PROMPT
Every entry that follows should be repeated exactly; drop the images.

PROVIDED DATA

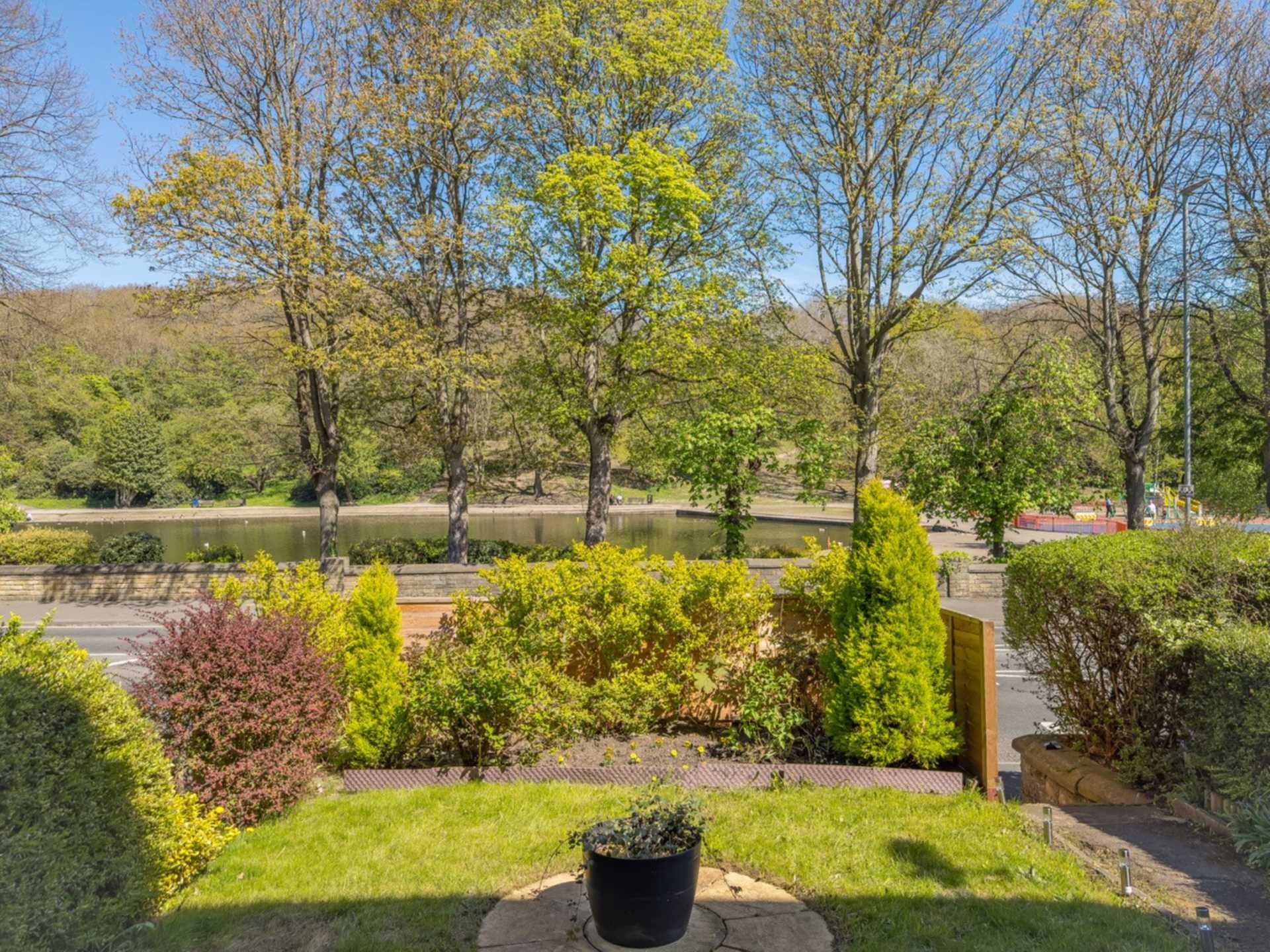 Bradford Road, Batley, Image 20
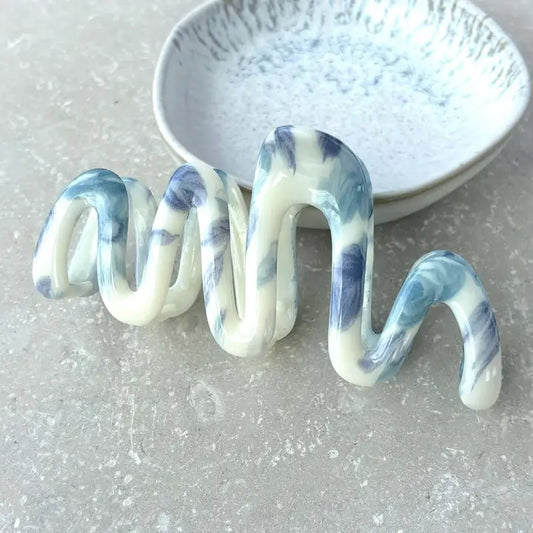 Marble Wavy Claw Clip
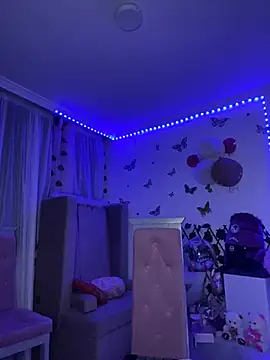 Snapshot of lina_pink chatting on 01-13-25, 02:18 lina pink online show from 01-13-25, 02:18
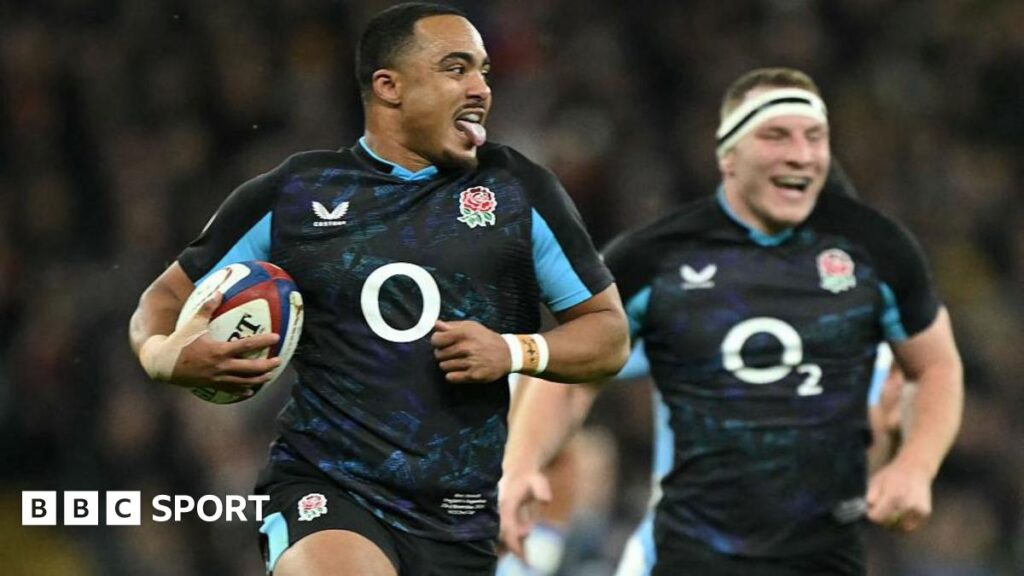 England 27-23 Argentina: Hosts hold off Pumas fightback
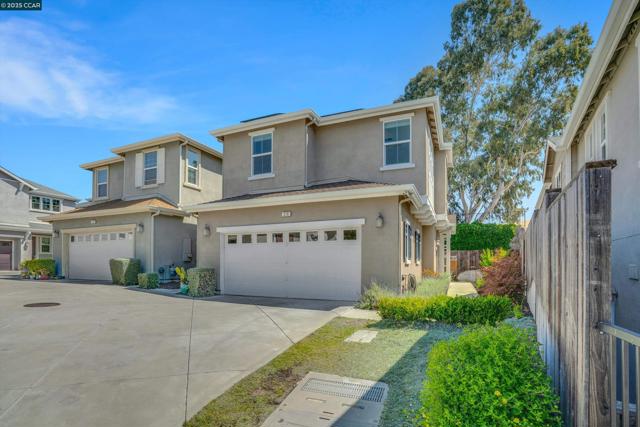 218 Ladybug Ln, Martinez CA: https://media.crmls.org/mediaz/c46061c9-7114-4f3b-a16d-29ba646d4823.jpg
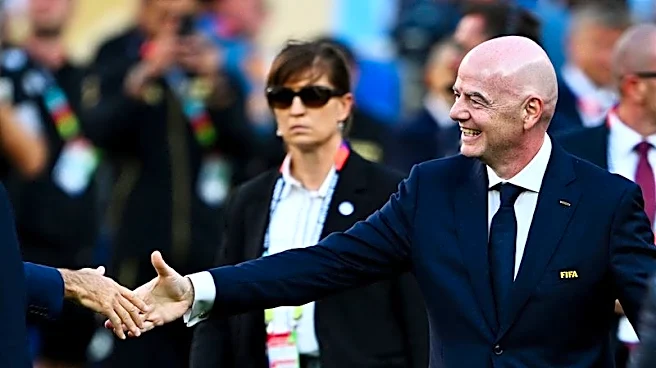 FIFA会長再選に黄信号、W杯事業の権益売却案で混乱 地域連盟の信頼失う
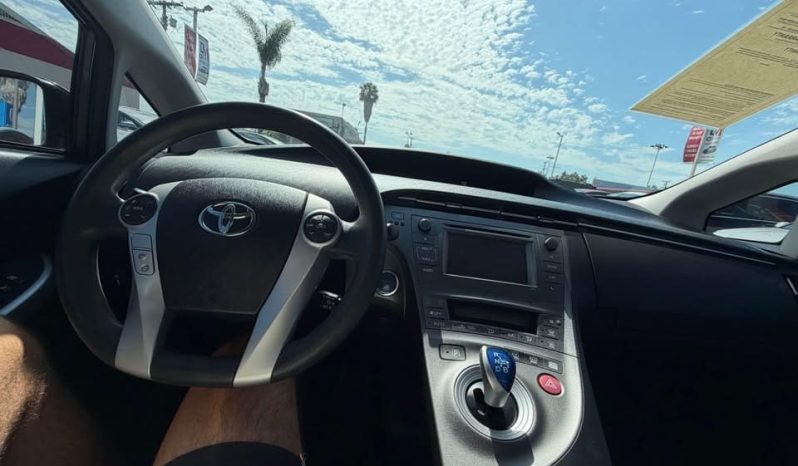 
								2013 Toyota prius full									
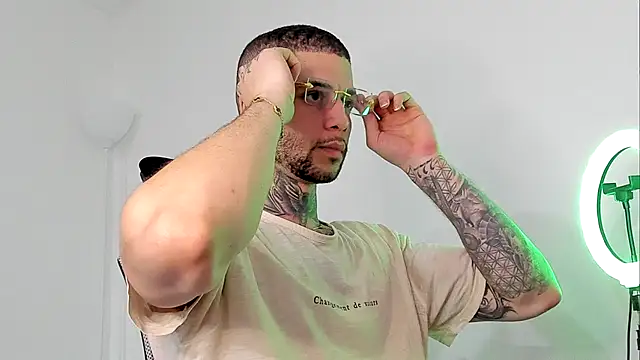  jamesleandros1 online show from 1, 10, 2025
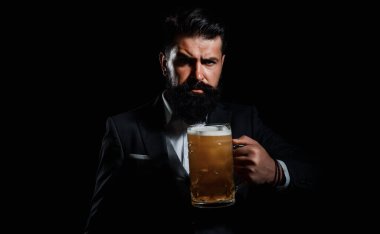Bira içen zarif bir adam. Bira bardağı tutan mutlu bira üreticisi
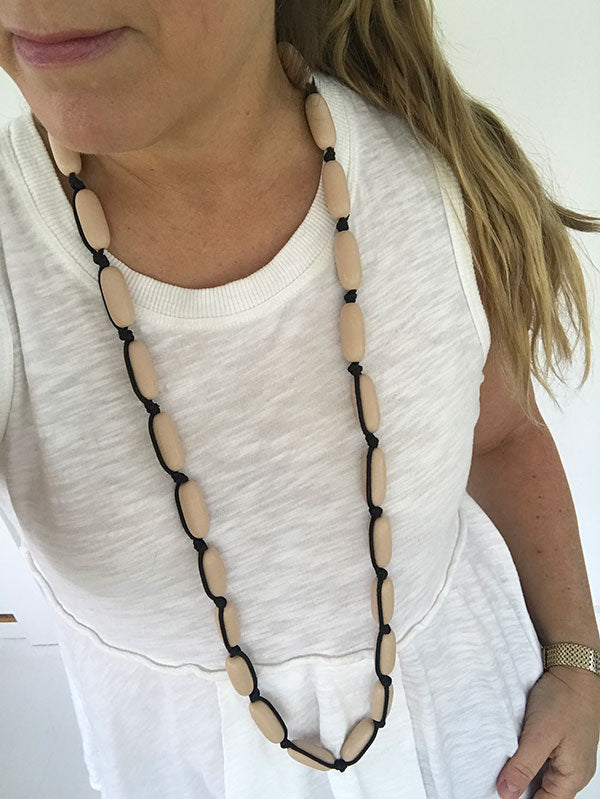 Evie Marques Midi necklace Caramel on black cord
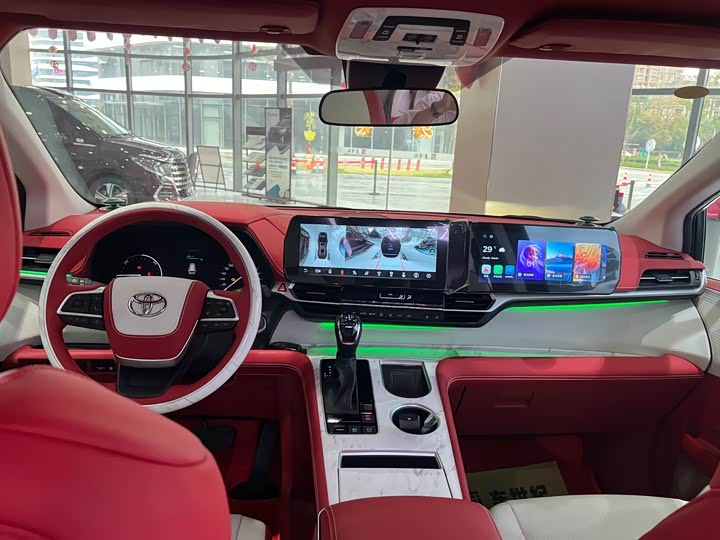 Фото 9 - Toyota Sienna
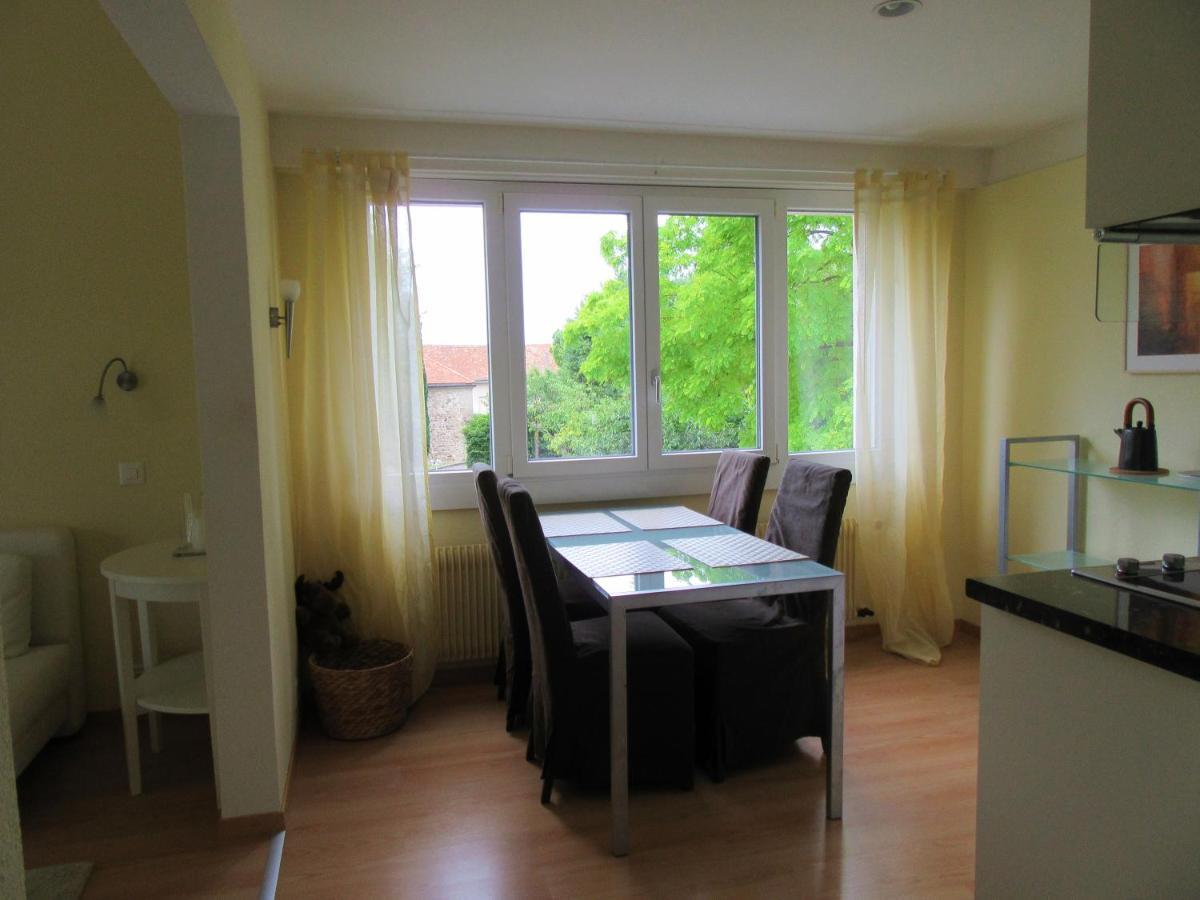 Le Debarcadere Apartment Saint Sulpice  Exterior photo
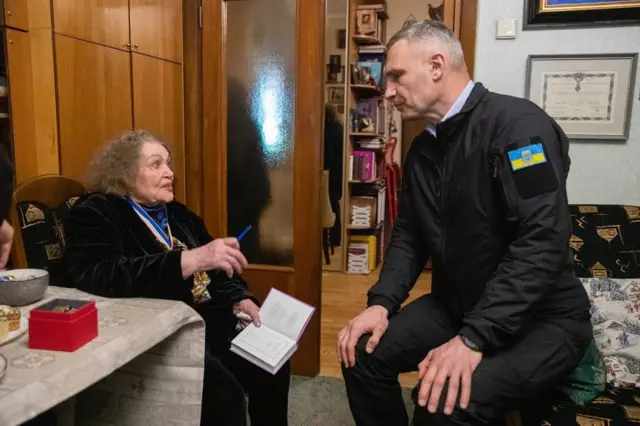 Ліні Костенко - 95. Чого ви не знаєте про велику поетесу-не героїні України (ФОТО) 3 Кличко і Костенко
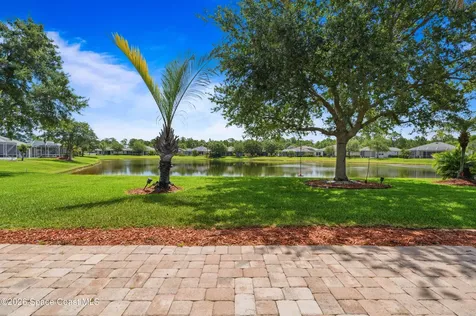 570 Gardendale Circle SE Palm Bay FL 32909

SOLUTION TO THE EXERCISE
 Bradford Road, Batley, Image 20
 Marble Wavy Claw Clip
 Snapshot of lina_pink chatting on 01-13-25, 02:18 lina pink online show from 01-13-25, 02:18
 England 27-23 Argentina: Hosts hold off Pumas fightback
 218 Ladybug Ln, Martinez CA: https://media.crmls.org/mediaz/c46061c9-7114-4f3b-a16d-29ba646d4823.jpg
 FIFA会長再選に黄信号、W杯事業の権益売却案で混乱 地域連盟の信頼失う
								2013 Toyota prius full									
  jamesleandros1 online show from 1, 10, 2025
Bira içen zarif bir adam. Bira bardağı tutan mutlu bira üreticisi
 Evie Marques Midi necklace Caramel on black cord
 Фото 9 - Toyota Sienna
 Le Debarcadere Apartment Saint Sulpice  Exterior photo
 Ліні Костенко - 95. Чого ви не знаєте про велику поетесу-не героїні України (ФОТО) 3 Кличко і Костенко
 570 Gardendale Circle SE Palm Bay FL 32909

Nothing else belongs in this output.